## WHAT YOU WILL DO
Range to output from the entries below: the line containing "Vintage 1966 Barbie" through the line containing "Table console de". Set it down exactly, ends included, nothing else.

## EXERCISE MATERIALS
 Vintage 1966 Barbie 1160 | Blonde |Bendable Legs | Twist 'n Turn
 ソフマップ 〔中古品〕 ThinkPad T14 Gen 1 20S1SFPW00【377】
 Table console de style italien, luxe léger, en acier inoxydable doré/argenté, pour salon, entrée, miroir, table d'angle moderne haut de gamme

...

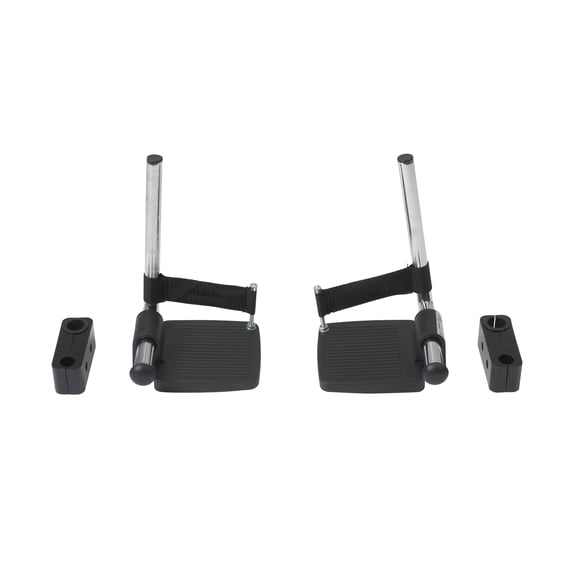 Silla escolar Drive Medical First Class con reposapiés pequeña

## TASK RESULT
 Vintage 1966 Barbie 1160 | Blonde |Bendable Legs | Twist 'n Turn
 ソフマップ 〔中古品〕 ThinkPad T14 Gen 1 20S1SFPW00【377】
 Table console de style italien, luxe léger, en acier inoxydable doré/argenté, pour salon, entrée, miroir, table d'angle moderne haut de gamme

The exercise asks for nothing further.